NY Courts Defy Activist-Judge Label on Foreign Business Disputes

April 9, 2026, 9:30 AM UTC

Give us your tired, your poor, your huddled masses—but not your grievances against foreign corporations.

That’s the message sent by judges in New York. In a state long seen as having liberal courts, they have over the past year shown a small-c conservatism on holding international companies accountable for alleged malfeasance, keeping the courthouse doors shut to plaintiffs in some cases and reversing a historic judgment compensating investors in a foreign oil giant.

It’s left open whether the Empire State, long a hub of transnational litigation, will remain a go-to forum for investors in financial disputes with non-US companies.

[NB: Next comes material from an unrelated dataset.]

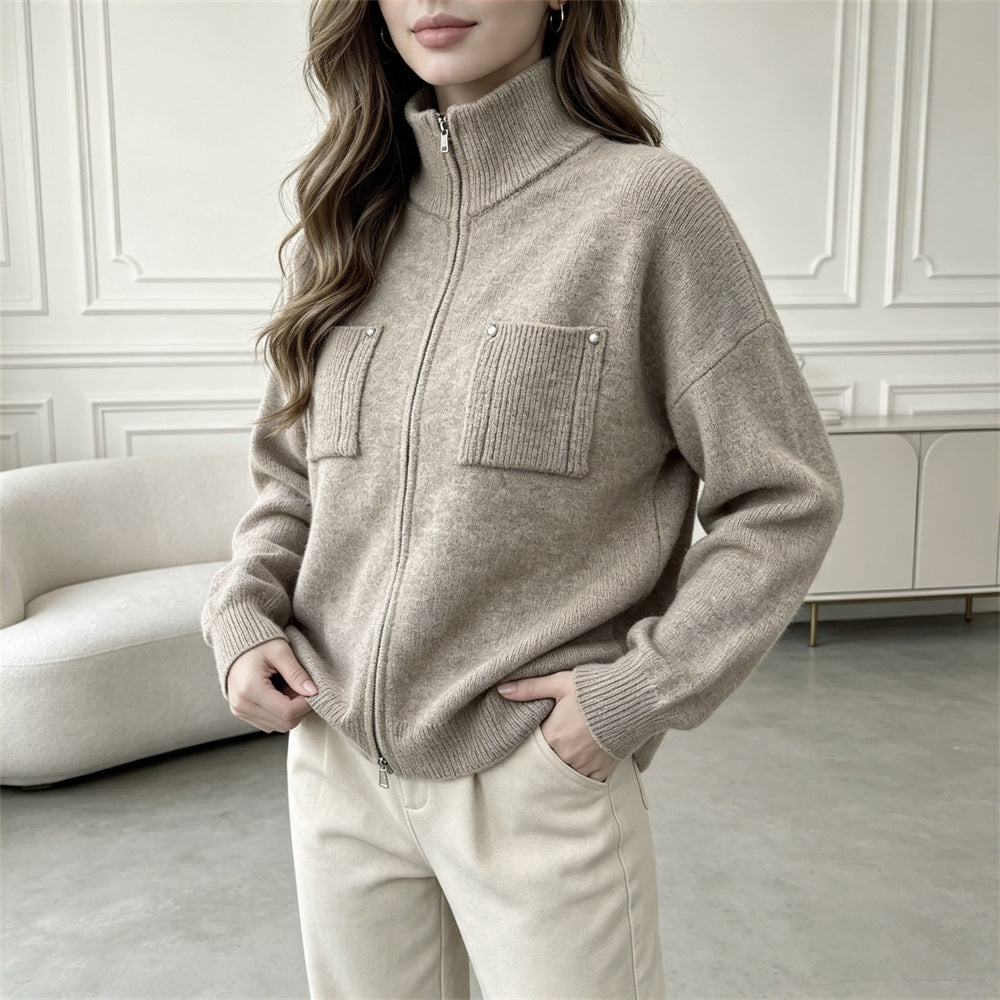 zipper long sleeved sweater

The message is “don’t come here thinking we’re going to be globally activist judges or will push the laws of other countries forward,” said Maggie Gardner, a Cornell Law professor, of the recent New York court ruling nixing a $16 billion judgment in favor of YPF SA’s former shareholders.

A majority of the Second Circuit panel said Argentinian law didn’t allow for that sanction even if Argentina committed an “egregious breach” when it nationalized YPF without making a tender offer to minority shareholders, as alleged.

Investors aren’t faring better in New York state courts. On Monday, Manhattan’s commercial division—which effectively specializes in cross-border business disputes—tossed an investor suit against Volkswagen over the German automaker’s long-running emissions scandal.

The court’s guidance for plaintiffs? Try the case in Germany.

Investor suits against non-US companies may seem niche, but it’s a big part of New York dockets. Given the state’s (generally well-founded) plaintiff-friendly reputation and its (somewhat more mixed) tradition of judicial activism, it’s a magnet for such lawsuits. Its location as the home of Wall Street and its role as an international port also bring international defendants to its shores.

But a key 2025 ruling from the state’s top court said none of that means it should be easy to sue foreign companies there.

Rejecting a shareholder suit against British bank Barclays, New York’s top court said it didn’t buy investors’ “dubious assumption that New York intended” to make it easier to sue foreign companies there “simply because our state occupies a privileged position ‘at the heart of the American financial system.’”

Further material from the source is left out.